Can I use Book 2 swatches for a conservation area planning application?

Physical swatches are the most effective way to demonstrate a proposed colour to a planning officer, because they show the actual rendered finish rather than a printed or digital approximation. Conservation areas often favour more traditional, restrained tones — many of which sit in the core geographic palettes — but the Wise & Confident and Harmonious & Balanced groups in Book 2 include muted, heritage-appropriate shades that can satisfy conservation requirements, subject to current planning guidance for the specific site. Submitting the chosen swatch page with its Ceresit colour code alongside the planning application provides an unambiguous record.

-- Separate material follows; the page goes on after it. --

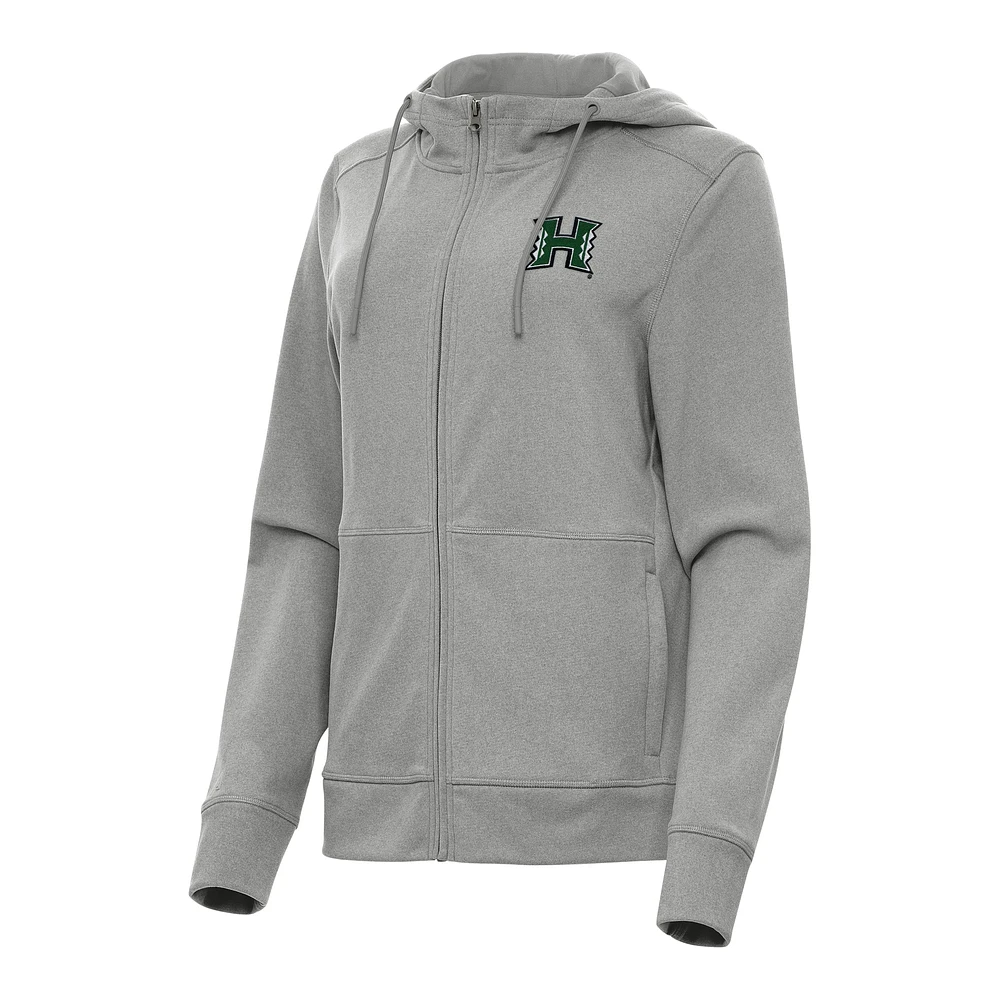 Women's Antigua Heather Hawaii Rainbow Warriors Seeker Full-Zip Hoodie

Do the deeper colours in Intense & Expressive need special application considerations?

Deeply saturated colours absorb more solar radiation, which can raise facade surface temperatures on south- and west-facing elevations. Ceresit manages this through its solar-exposure notation — each swatch carries a colour-type indicator that flags whether the shade is suitable for sun-exposed orientations or best reserved for sheltered and north-facing walls. For projects where a dark or intense colour is specified on an exposed elevation, pairing the render with an elastic basecoat and using a grey tint base ensures the system accommodates higher thermal movement without compromising the finish.

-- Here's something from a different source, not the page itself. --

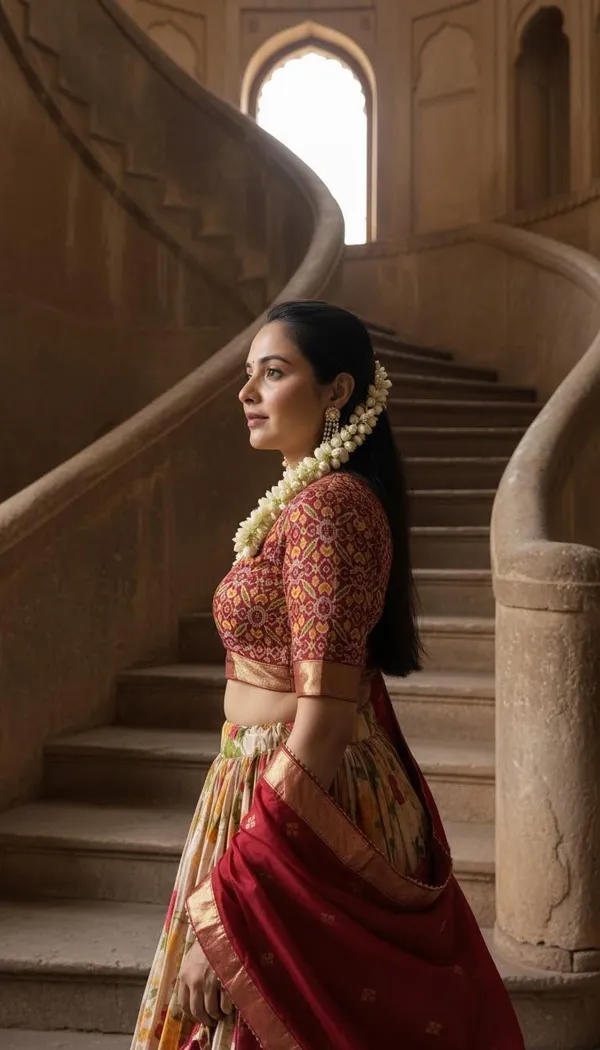 Red_Dola_Silk_Patola_Print_Lehenga_Choli_For_Women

How should I store the book between projects?

Storing the book flat in its original binding and away from prolonged direct sunlight keeps the swatches representative for repeated use across multiple specifications. Although applied-render finishes are more resistant to fading than printed colour charts, sustained UV exposure will gradually shift pigments on any reference material. Keeping the book in a project folder alongside notes on previously specified codes makes it straightforward to return to an approved shade for follow-on phases or maintenance render work years later.